Thursday, September 20, 2012

And then there's this...

I told you about my fears, and how I gave in to them and asked Sparrow for a break.

Here's something I didn't mention.

A while back I was approached online by a guy who is normally someone in whom I'd have been very interested. I replied, saying thanks for the email, but I just started seeing someone.

He said he was leaving the site, and gave me his personal email in case "that doesn't work out." I responded in kind with my email, saying we could talk as friends if he wanted. Then I thought we were done.

We were not. (I realize now I should not have given him my email address. I'm overly polite, or naive, or he caught me in a bad moment. Whatever the reason - what's done is done.)

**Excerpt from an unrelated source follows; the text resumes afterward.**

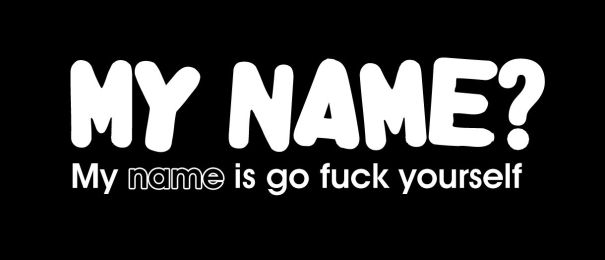 My Name? My Name Is Go Fuck Yourself Motorcycle Helmet Sticker (1 Dozen)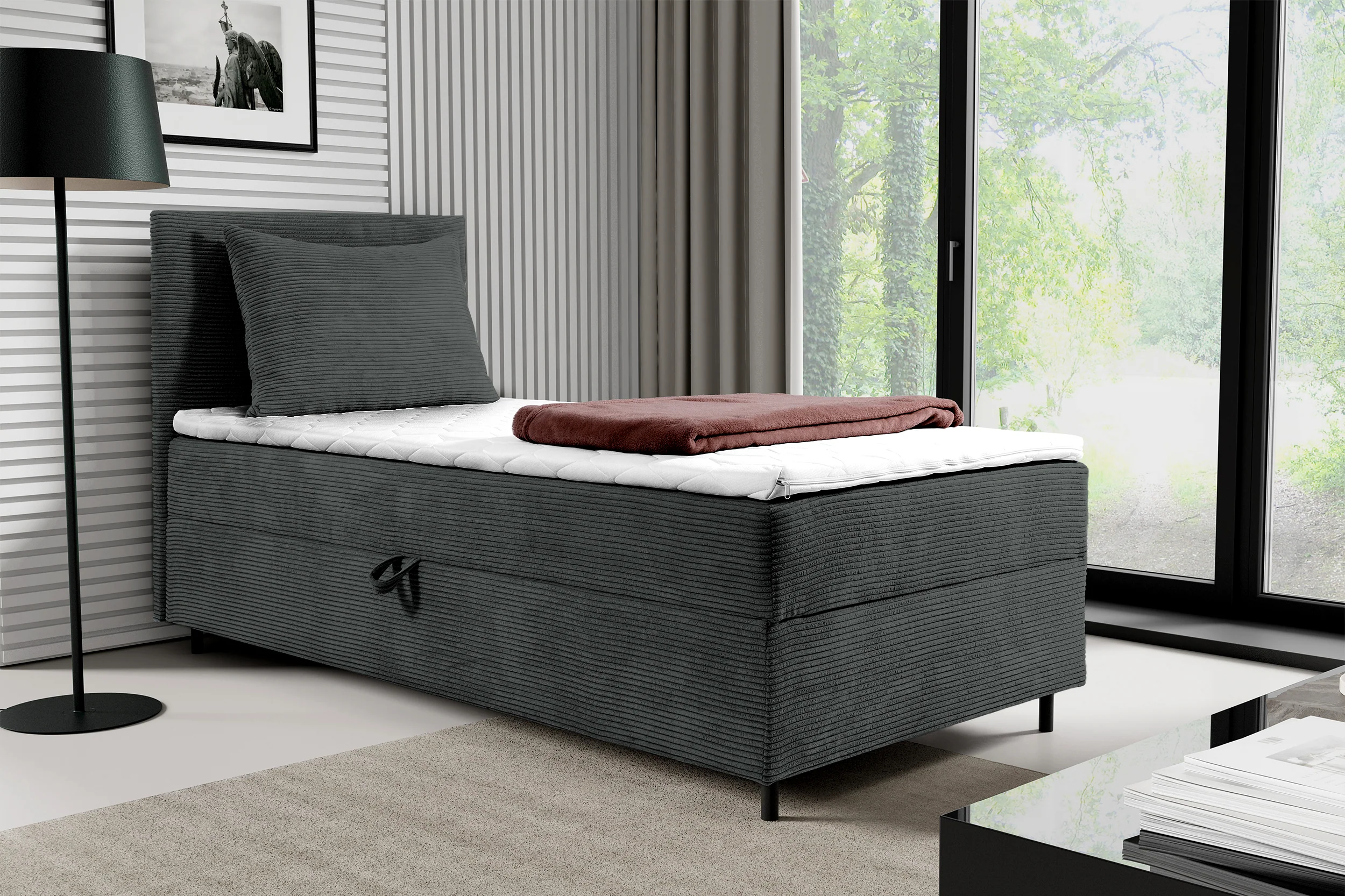 Łóżko kontynentalne jednosobowe Montigo Mini 100x200 cm z pojemnikiem, topperem i poduszką szare sztruks nogi czarne lewostronne - Image 2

He has messaged me several times, and is clearly interested in dating, or at least getting to know me. I've been honest with him - right up to telling him that I was on a "break" but that truthfully, I really like "the guy" and would not be surprised if we try to work things out.

He thanked me for being so up front and not leading him on.

Then he asked if us getting married was "off the table." (I said, yes, it is off the table.)

Here's the deal....

This guy really has nothing to do with my doubts about my relationship. However, I am a person who believes that "cheating" starts long before anything physical happens. Emotional affairs are a very real thing, and while I don't think they ever really cause problems in a relationship, I do think they can aggravate those that already exists.

I've not met this person, and currently have no plans to do so. I'd be lying if I said the attention isn't flattering. I'd also be fooling myself if I said I wasn't a little sad at the idea that I might never get this kind of attention again. After all, this sort of exchange only happens when a relationship is new - and it's only new once.

But did even talking to this person get inside my head? Did it exaserbate what were already very real concerns, and get me to do something I wouldn't have otherwise?

That idea truly horrifies me. Not because I think I've done anything wrong. No one has been lied to or led on. I just really, truly, hate the idea that I am allowing myself to make clouded choices. That my choices aren't really my own, because I'm giving outside influences a power they should never have.

As if relationships aren't confusing enough, now I'm letting the cooties take over.